OK so I'm going to apply for the ROTP program soon, and part one of my question I guess is dose the when you apply for the ROTP do you apply for the trade at the same time, or are you just applying for ROTP? Well I'm interrested in becoming a pilot, so I would also like to know if they do take ROTP's for that trader, how many do they take? I was told that they have about 120 spots for DEO applicants, but haven't filled them in like 4 years. Is this true? If so   then do I stand a better chance of getting in for pilot. From what I have been told, I meet all of the physical requirements, like eye sight, I'm 6"0, weigh 160 pounds, etc.. Now the only thing that I require is the degree, I'm going to be attending the University of Manitoba to start my engineering degree in Jan. So once I have start the program, I plan on applying for the ROTP. The reason that I don't apply before is that I had crappy crappy marks in high school, cause well I just didn't give a rats @ss back then. So I plan   on showing them my university marks.

So dose anybody know what my odds of getting into the ROTP program are? Also what are my odds, of getting into the Pilot program as a ROTP applicant and not a DEO?

Thanks to all for any information that you guys, and ladies can give me. Thanks in advance.

FX.


----------



## platinumfx (25 Oct 2004)

This is an extra add on.
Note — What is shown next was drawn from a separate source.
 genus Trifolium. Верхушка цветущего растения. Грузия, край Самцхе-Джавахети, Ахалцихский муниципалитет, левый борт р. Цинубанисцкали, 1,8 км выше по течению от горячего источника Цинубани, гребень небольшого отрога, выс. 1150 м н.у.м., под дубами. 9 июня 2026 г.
LOL I was also told that the 4 years of university would go towards my time in for pilot should I be accepted. Dose anybody konw anything about this. I don't think it's true, but then again if I knew the answer I wouldn't be asking. LOL

Cheers,

FX


----------



## Zoomie (25 Oct 2004)

ROTP and DEO are two very separate entities.  If the CF says that they need 120 DEO pilots this year, it has zero bearing on how many ROTP pilots they will accept.

ROTP time will not go towards the seven years of Oblig service that is required of all CF pilots.  This service begins the day that you are awarded your Wings.  

I suggest you buckle down and study hard while at the U of Man.  RMC (ie ROTP) will want to look at your high school marks regardless of what you do at University - just something to keep in mind.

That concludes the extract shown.